You realize $30,000 in long-term capital gains from selling a long-held position in Apple. In the same year, you realize a total of $30,000 in long-term capital losses from a variety of positions that were underwater. In this case, you simply net out these two amounts, leaving you with $0 in capital gains for the year. While you report these gains and losses on your tax return, the fact that they net to $0 means you have no tax liability related to them for the year (or in future years).

EXAMPLE 3 - $10,000 net loss (Here’s where it gets interesting)

You realize $30,000 in long-term capital gains from selling a long-held position in Apple. In the same year, you realize a total of $45,000 in long-term capital losses from a variety of positions that were underwater. In this case, you simply net out these two amounts, leaving you with a $15,000 net long-term capital loss for the year. Since you don’t pay taxes on losses, what do you do?

  1. You deduct $3,000 of this $15,000 against your ordinary income. This is a fixed dollar amount allowed by the IRS. This brings down your AGI and your net taxable income, reducing your tax bill by anywhere from 10-37% ($300-1,110), depending on your marginal tax bracket.
  2. You then carry forward the remaining $12,000 for use in future years.

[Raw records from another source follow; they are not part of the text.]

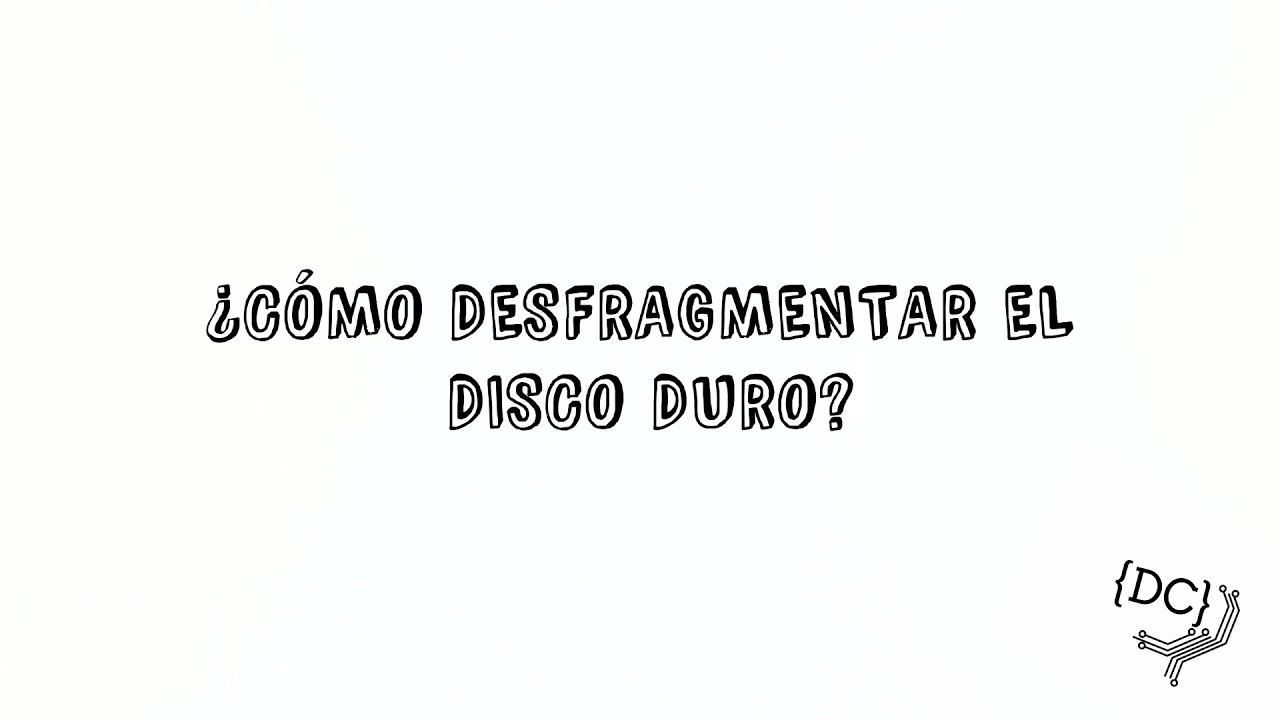 DoubleCode01's tweet card. ¿Cómo desfragmentar el disco duro? | doublecode - programamos tu...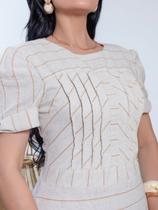 Vestido juliana em linho com algodão
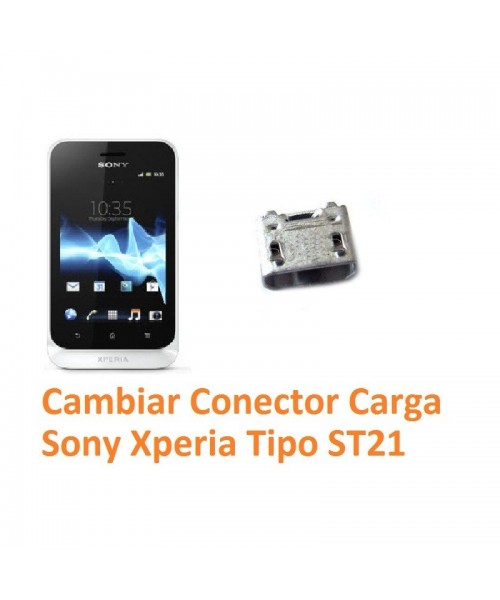 Cambiar Conector Carga Sony Xperia Tipo ST21 - Imagen 1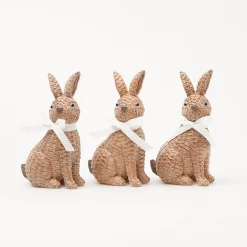 Small Rattan Rabbit (Trio)
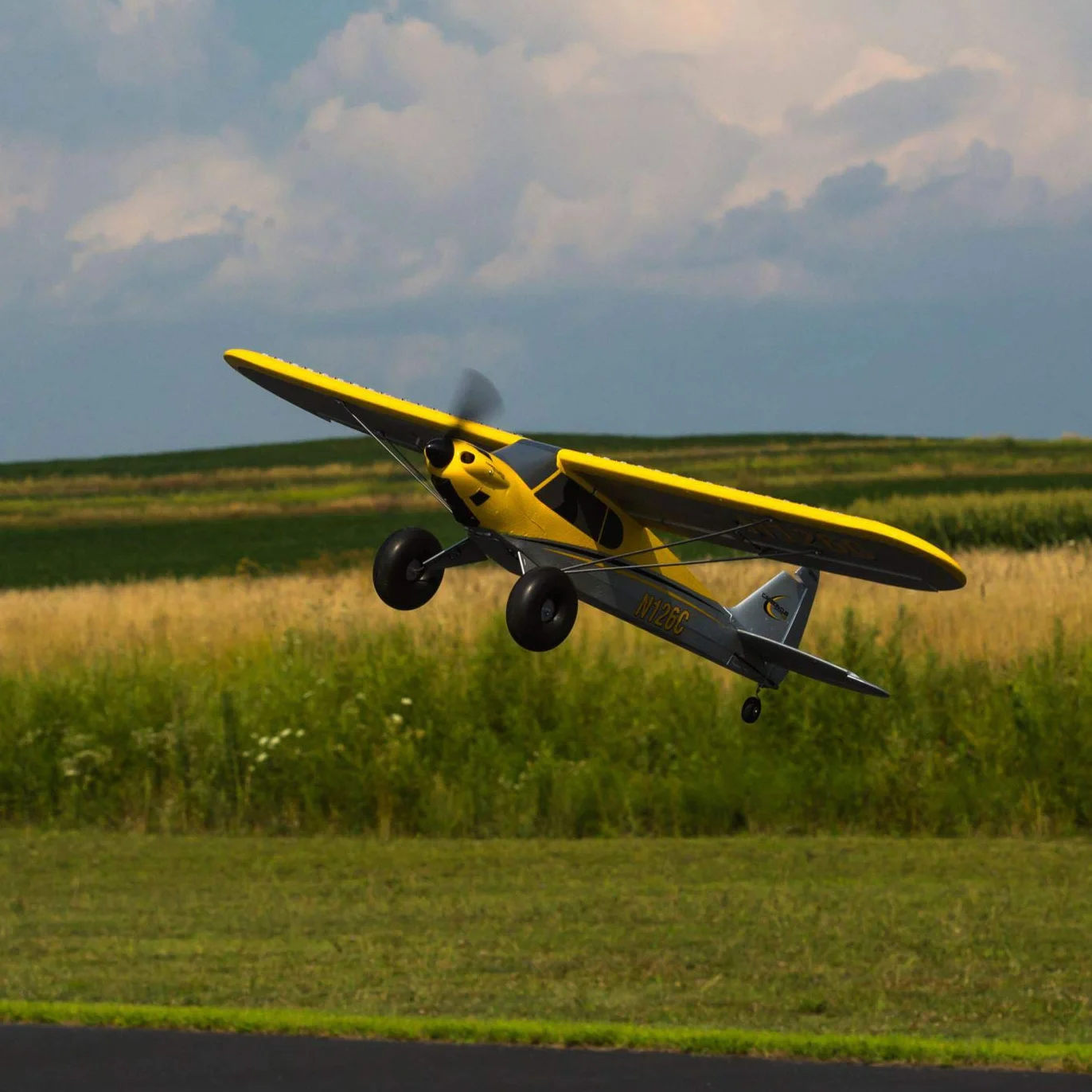 Hobbyzone HBZ320001 Carbon Cub S 2 1,3 m RTF Basic RC Samolot, biały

Let’s look now at how you would use this in future years.

What to do with that carryforward?

First, keep good records of it. The IRS isn’t going to send you a reminder that you have an available deduction in future years, nor will this show up on your Form 1099 from Fidelity, Schwab, etc. in future years, it is your responsibility to track it and utilize it. How do you utilize it in future years? As is often the case, the answer is “it depends.” Let’s look at the two ways. In both cases, we are going to assume the carryforward is from tax year 2022.

You can use it to offset gains realized in 2023. Let’s say you realize $12,000 in long-term gains in 2023. You would then use the $12,000 carryforward loss to completely offset your 2023 gains, bringing your capital gains taxes to $0.

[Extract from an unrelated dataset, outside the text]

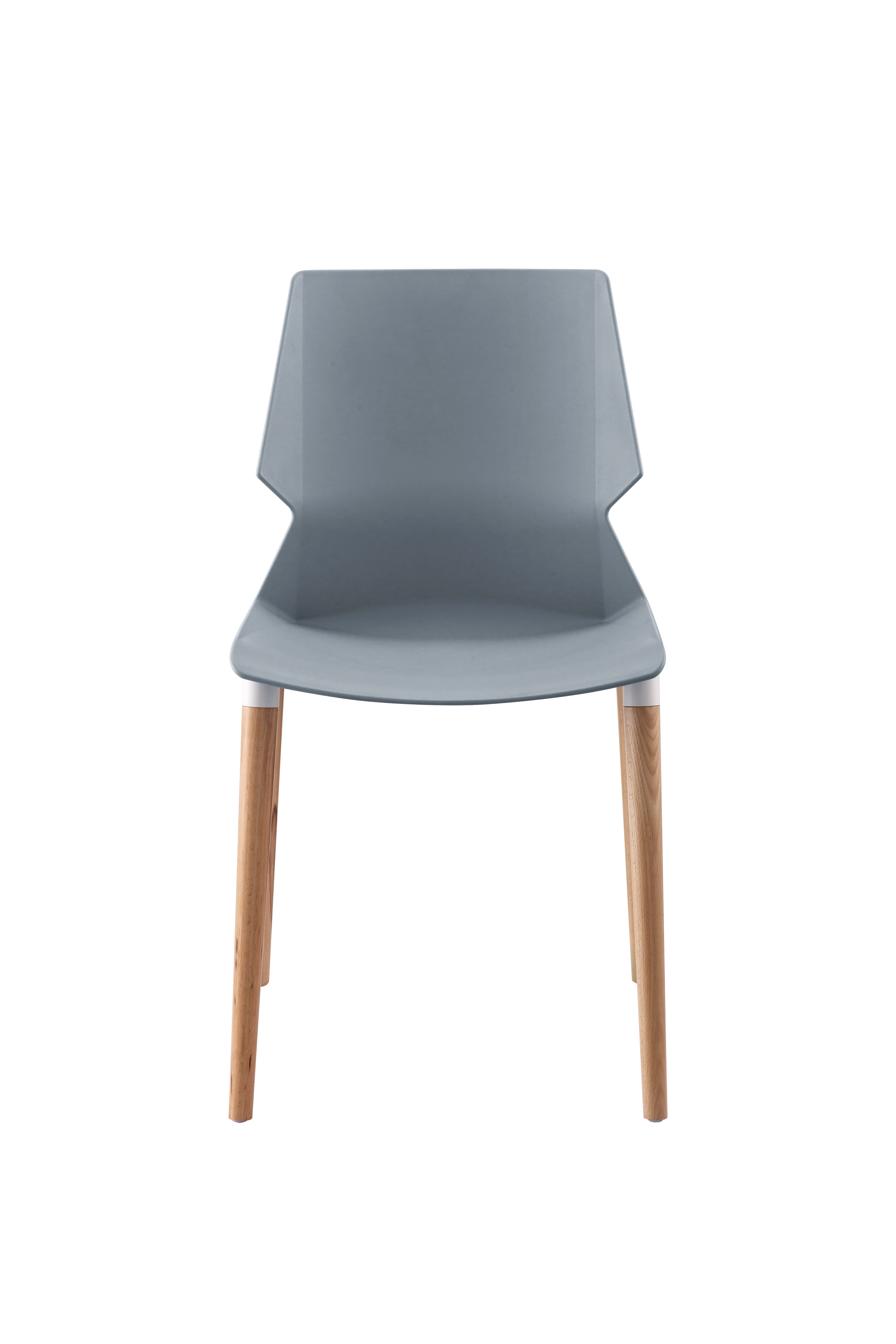 Prism Chair Plastic Over Beech Wood Legs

Let’s now look at a slightly more complicated, but illustrative, example. Here we’ll assume your realized gains in 2023 are $5,000. What would you do here?

  1. You would first use a portion ($5,000) of your carryforward to completely offset your current year gains. This would leave you with a $7,000 balance on your carryforward. What do you do with this?
  2. You would then reduce your ordinary income by $3,000, just as you did in Example 3 earlier. So, you effectively use $8,000 of your carryforward in 2023. This would leave you with a $4,000 balance on your carryforward. What do you do with this?
  3. You would then carry forward the $4,000 balance and utilize it in 2024. Rinse and repeat!

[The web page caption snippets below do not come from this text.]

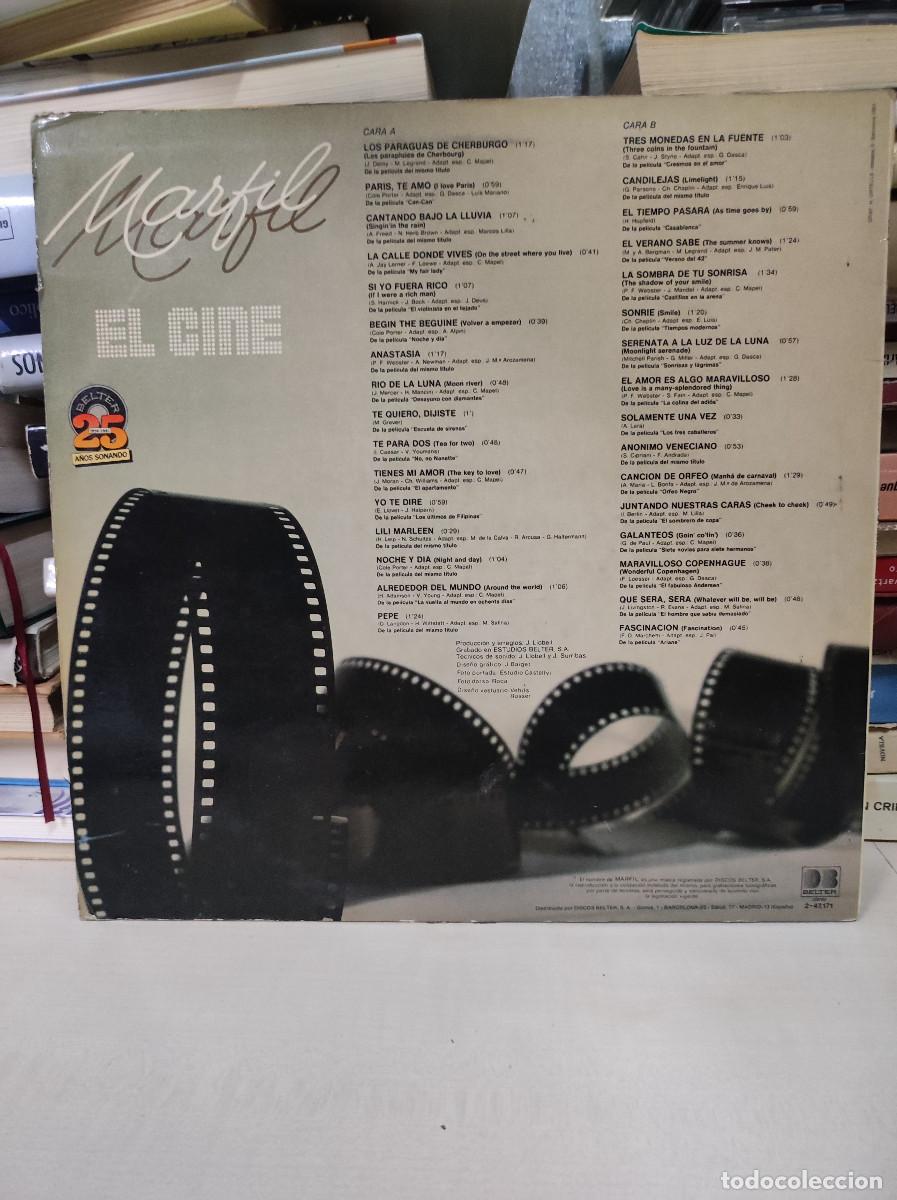 Discos de vinilo: MARFIL EL CINE - Foto 2
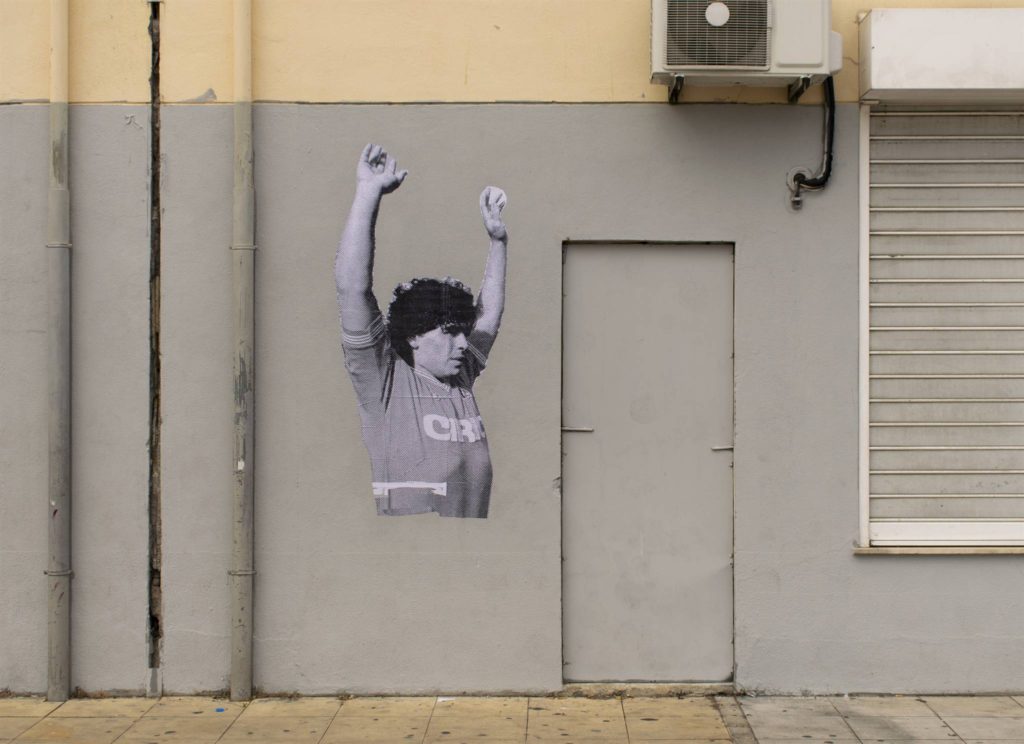 Mural de Diego Maradona en Lisboa, Portugal 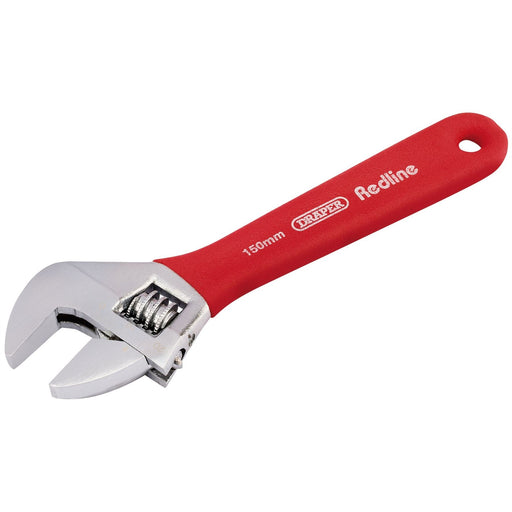 Draper Soft Grip Adjustable Wrench, 150mm, 19mm Capacity 67589 Draper - Dynamic Drive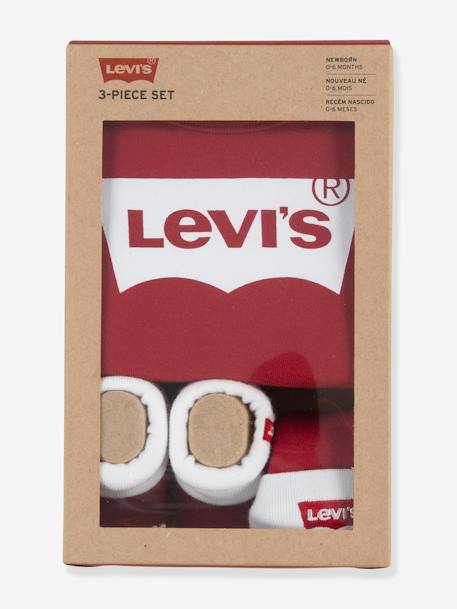 3-delige babyset Batwin van Levi's® rood - vertbaudet enfant 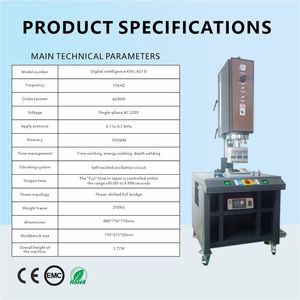 새로운 CGSONIC 15K 4.2kW 초음파 용접 Machine-220V 버가없는 용접 스피커 쉘을위한 고급 구성 내구성 - Product Image 3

Here are a few other important things to keep in mind:

  1. You can carry forward losses indefinitely. If you had a very substantial net loss in 2022 and minimal realized gains in future years, your loss could carry forward for many years. With each passing year, you would at least use up the $3,000 deduction against ordinary income, slowly chipping away at this asset known as your carryforward balance.
  2. We have only looked at long-term gains and losses here, for the sake of simplicity and brevity. It gets slightly more complicated when you start layering in short-term gains and losses, which are taxed differently than long-term gains. We are happy to provide guidance specific to your circumstances if short-term gains and losses are part of your picture.
  3. You have to realize gains and losses for them to enter into your tax picture. “Realize” means “sell.” If you simply hold your asset, the gains or losses remain “unrealized” and are not taxable.
  4. Taxation considerations related to capital gains and losses only apply to non-retirement accounts. Gains and losses realized within qualified retirement accounts (e.g. 401(k), IRA, Roth IRA, etc) are not taxable, nor can they be used to offset gains from non-retirement accounts.

We hope this helps. As always, we welcome your questions. Thinking about taxes is a key element to what we do here, as doing so is a key part of ensuring the success of your financial plan.